··· Records for this task ···

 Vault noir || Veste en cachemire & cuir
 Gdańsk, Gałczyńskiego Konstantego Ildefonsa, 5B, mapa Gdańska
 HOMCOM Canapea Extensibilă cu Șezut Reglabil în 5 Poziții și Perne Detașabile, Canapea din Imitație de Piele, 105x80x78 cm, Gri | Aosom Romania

···
··· Records for this task ···

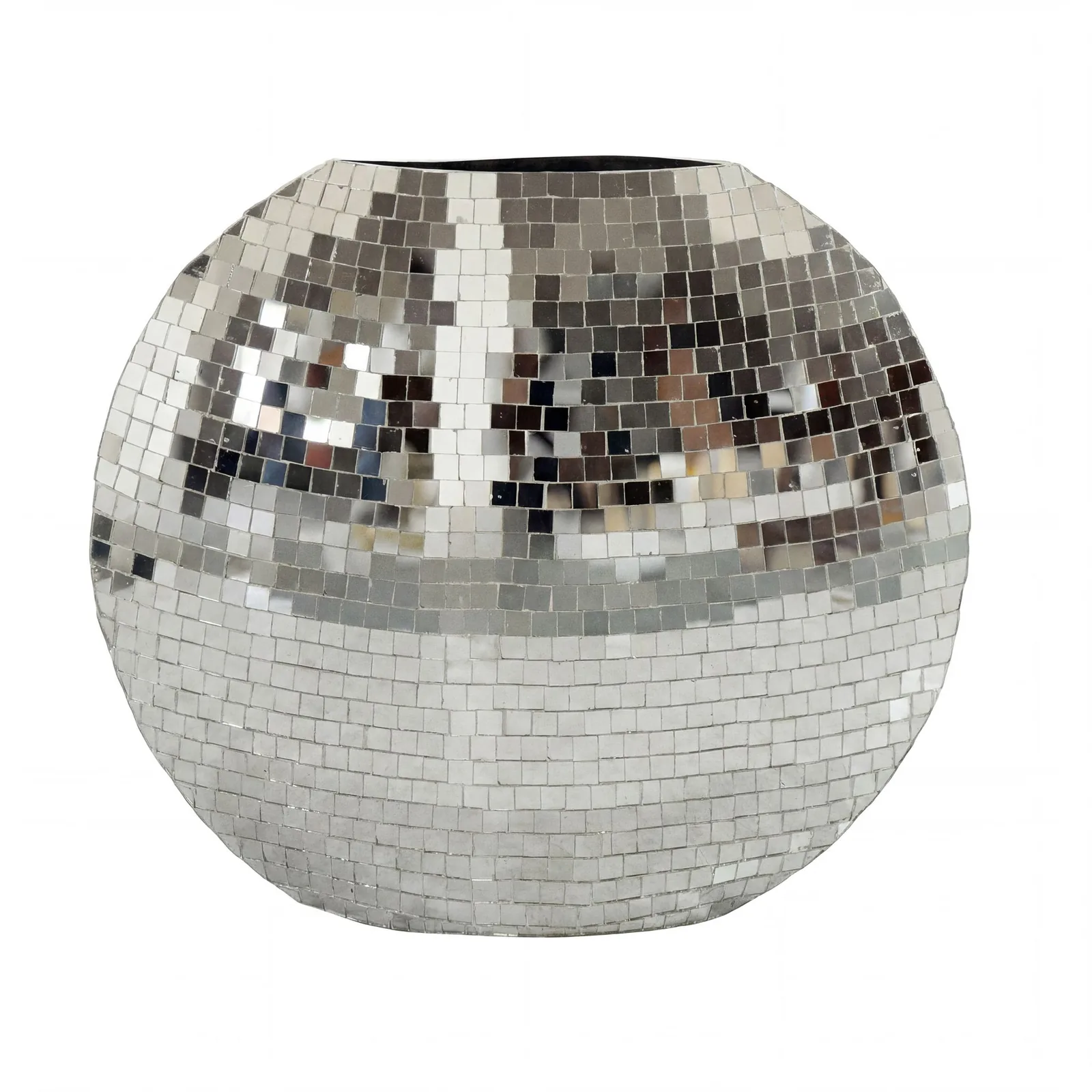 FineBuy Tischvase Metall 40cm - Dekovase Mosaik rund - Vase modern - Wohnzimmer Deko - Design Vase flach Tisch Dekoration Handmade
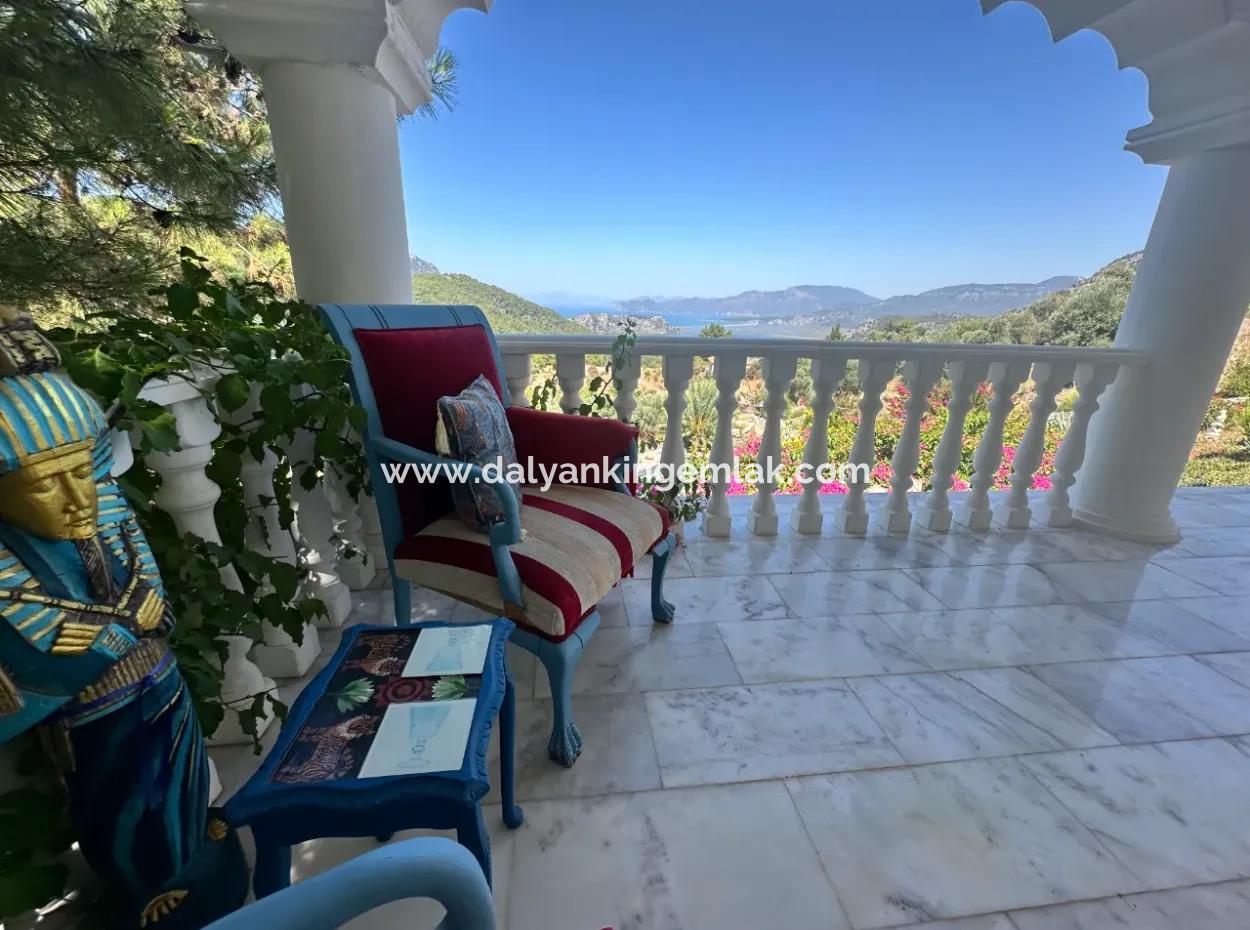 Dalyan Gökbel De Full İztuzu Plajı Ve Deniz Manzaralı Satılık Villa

···
··· Records for this task ···

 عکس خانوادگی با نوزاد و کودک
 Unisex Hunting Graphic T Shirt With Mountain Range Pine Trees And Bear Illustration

···

Problem details:
Which lines above run from the one containing "Vault noir || Veste en cachemire & cuir" to the one containing "HOMCOM Canapea Extensibilă"? Give them again exactly, both ends included.

Written solution:
 Vault noir || Veste en cachemire & cuir
 Gdańsk, Gałczyńskiego Konstantego Ildefonsa, 5B, mapa Gdańska
 HOMCOM Canapea Extensibilă cu Șezut Reglabil în 5 Poziții și Perne Detașabile, Canapea din Imitație de Piele, 105x80x78 cm, Gri | Aosom Romania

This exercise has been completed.